↓

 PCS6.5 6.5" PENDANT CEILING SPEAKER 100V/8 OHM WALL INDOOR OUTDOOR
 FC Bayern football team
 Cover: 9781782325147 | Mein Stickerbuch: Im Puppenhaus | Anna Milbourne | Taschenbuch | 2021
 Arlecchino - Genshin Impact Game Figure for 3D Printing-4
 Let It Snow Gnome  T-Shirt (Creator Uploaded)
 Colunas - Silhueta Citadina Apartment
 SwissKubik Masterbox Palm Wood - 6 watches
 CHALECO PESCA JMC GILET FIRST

↑
↓

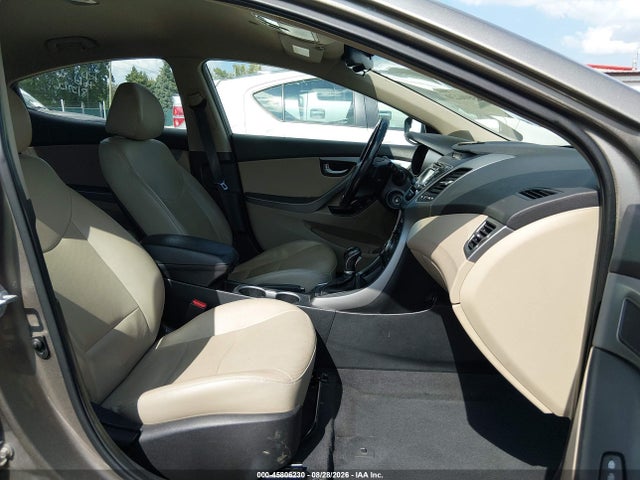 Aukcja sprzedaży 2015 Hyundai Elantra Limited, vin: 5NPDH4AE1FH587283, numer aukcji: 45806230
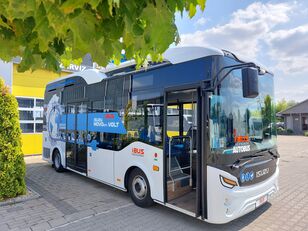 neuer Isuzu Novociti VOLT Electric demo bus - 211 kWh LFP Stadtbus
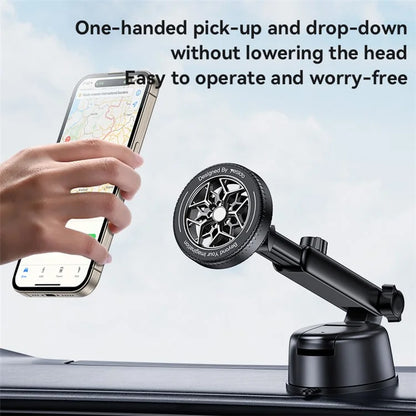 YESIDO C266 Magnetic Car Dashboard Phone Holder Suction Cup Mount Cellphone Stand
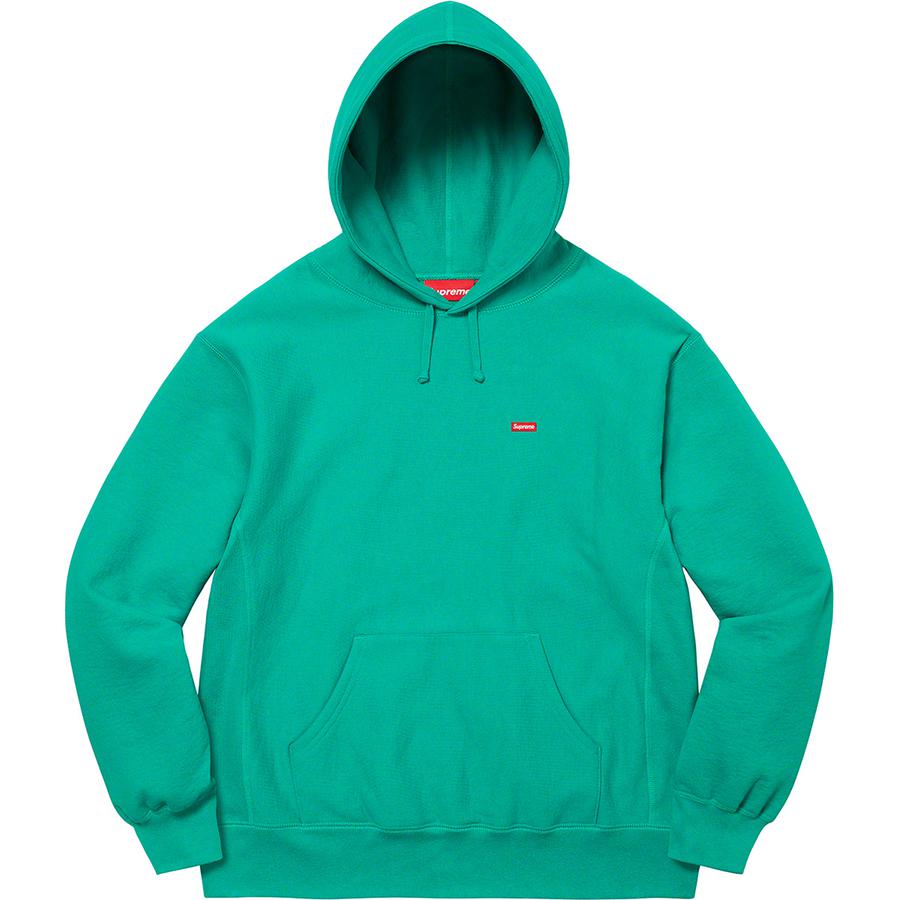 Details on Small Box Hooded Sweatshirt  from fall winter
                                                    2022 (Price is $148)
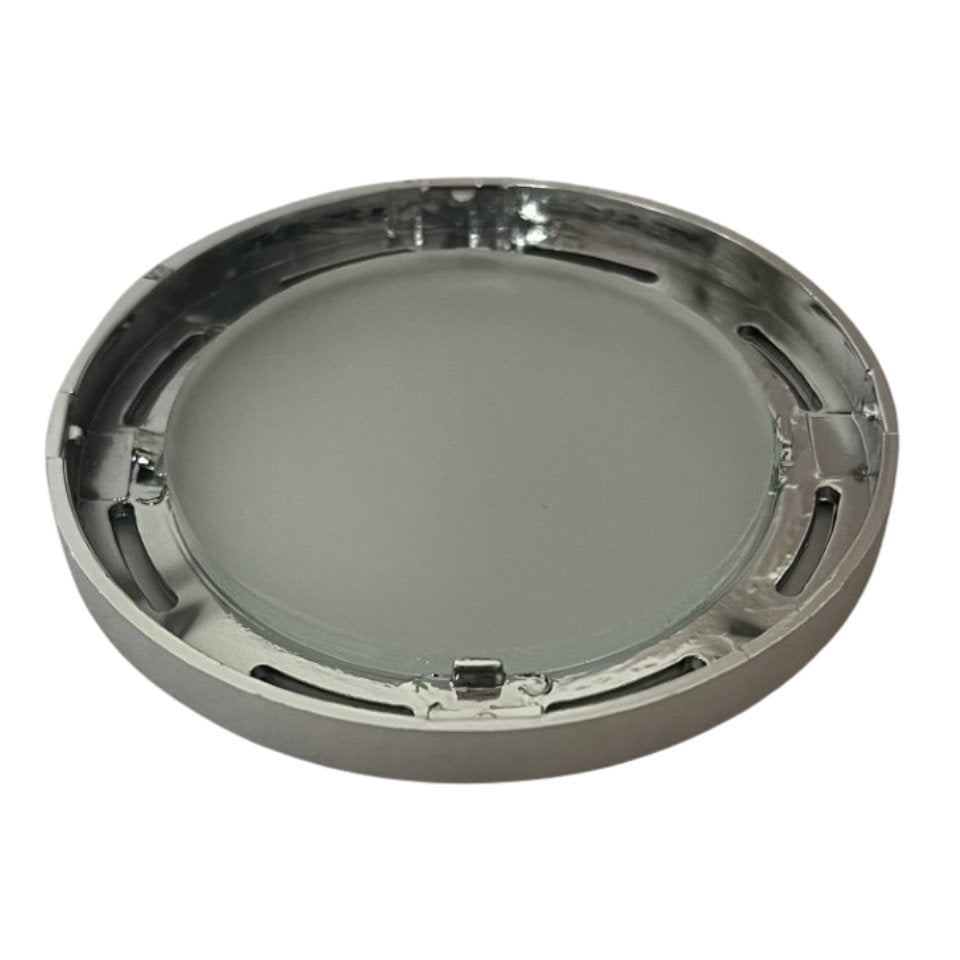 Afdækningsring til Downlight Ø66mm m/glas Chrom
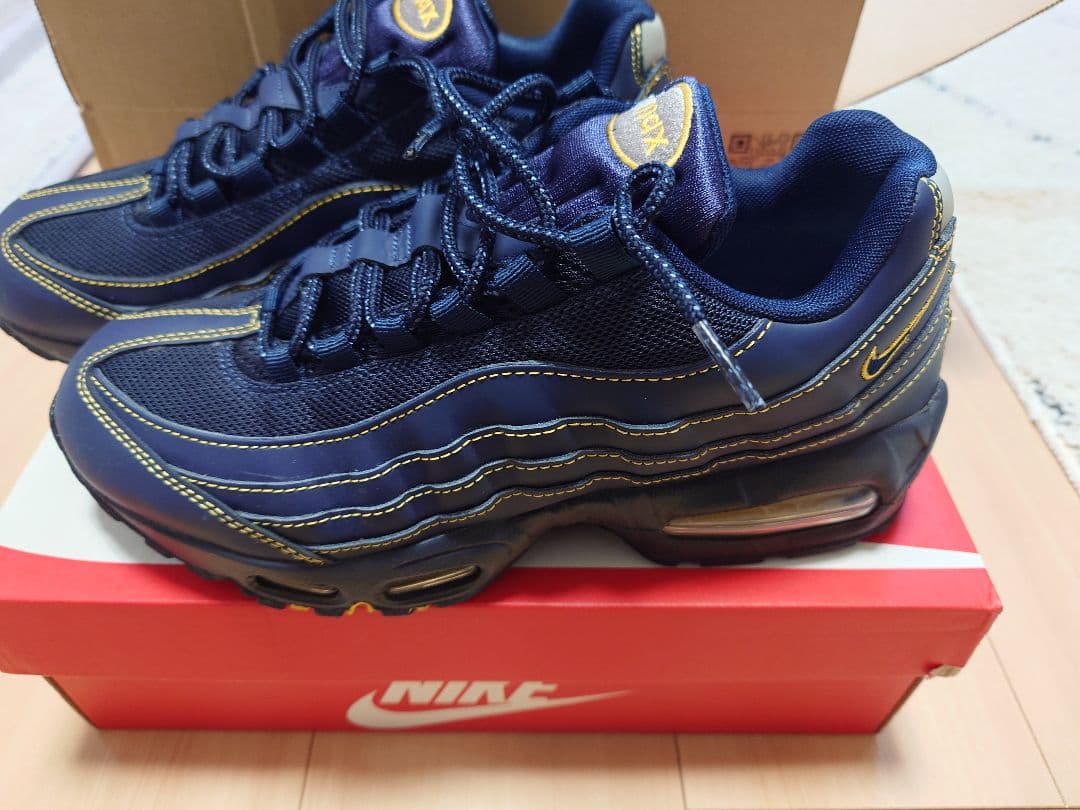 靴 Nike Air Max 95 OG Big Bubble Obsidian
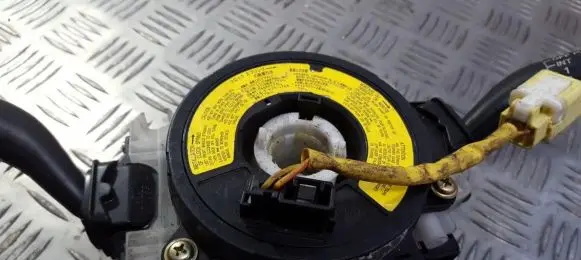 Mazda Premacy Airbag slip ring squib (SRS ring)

↑

> **What the task requires**
Copy the entries above exactly, but only from the line holding "FC Bayern football team" through the line holding "CHALECO PESCA JMC GILET FIRST", both included.

> **The completed task**
 FC Bayern football team
 Cover: 9781782325147 | Mein Stickerbuch: Im Puppenhaus | Anna Milbourne | Taschenbuch | 2021
 Arlecchino - Genshin Impact Game Figure for 3D Printing-4
 Let It Snow Gnome  T-Shirt (Creator Uploaded)
 Colunas - Silhueta Citadina Apartment
 SwissKubik Masterbox Palm Wood - 6 watches
 CHALECO PESCA JMC GILET FIRST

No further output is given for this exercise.